I first started to fear that the pound signs would alter his behaviour when we started to pop over unannounced to do jobs. There was a day I came home to evidence that he had been there without either myself or my husband being informed. After a heated discussion apparently communication got muddled and I was ‘too focused on doing yoga after work to listen’ – so clearly it was my fault.

My husband’s gift of the gab got the house sold on the first viewing. We both cleaned it to the landlords standards whilst juggling organising a wedding, finding somewhere new to live, my husbands new job and general everyday life! Our landlord was grateful for the effort we put in. One of the agreements to making such an effort to sell the house was that when we left we’d not have to do it all again.

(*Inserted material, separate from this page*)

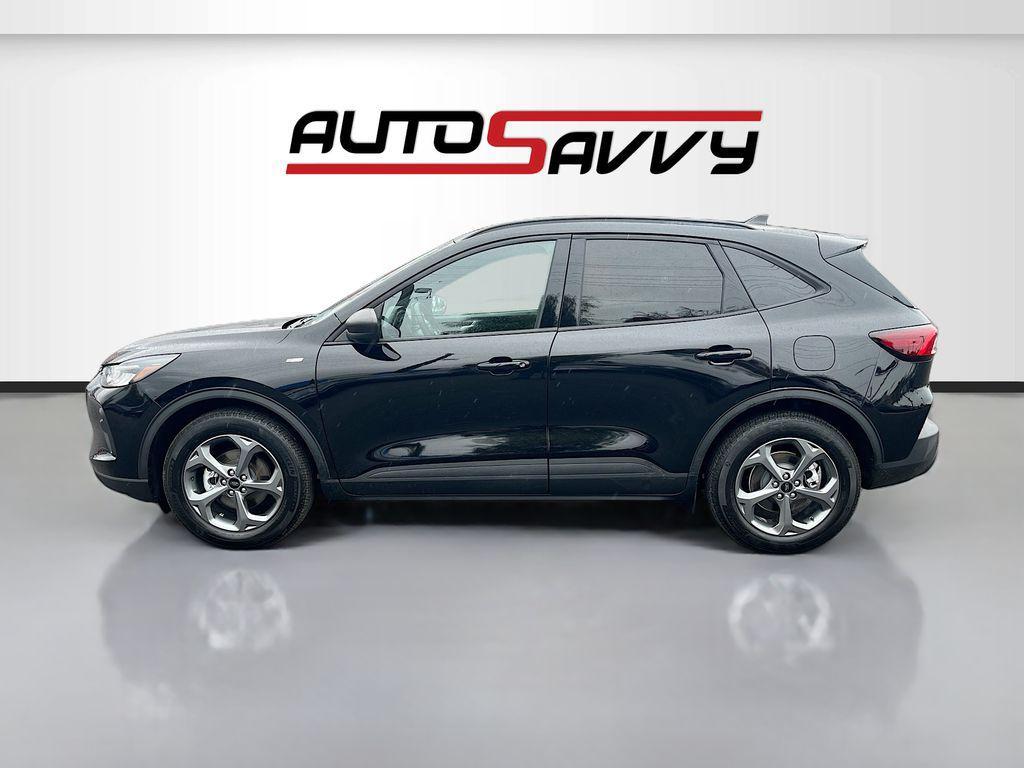 used 2025 Ford Escape car, priced at $20,800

Today my husband and I arrived at the empty property at 11am. We cleaned until 4pm with no breaks. Our landlord arrived and claimed the property was “just not clean”. This just wasn’t true. We had scrubbed, wiped, picked, trimmed, cleansed and pimped the house from head to toe. In swans her Majesty the Landlord and runs his fingers along the skirting board and the tops of the doors. I had to leave and take a moment outside to clear my head of fury! After going round in circles with the Lord of the Land, we are returning tomorrow to give up more of our time to get the house to his Highnesses standards.

I must stress again that our old Landlord was not a bad guy and people only behave the way they think is right. I am attempting to un-emotively relay the facts. He went back on his word and we felt lesser human beings because of the way he behaved. No one has the right to do that. The fact is that our time, energy and money is being dictated to by someone else’s standards. How is that fair?

Needless to say my farewell to him was frosty.

Note to private landlords – Don’t try to be friends with your tenants. It will just make it harder when you take away their dignity.

(This post has been backdated, since then our old Landlord still claimed the property wasn’t clean enough and kept some of the backdated rent he promised to return.)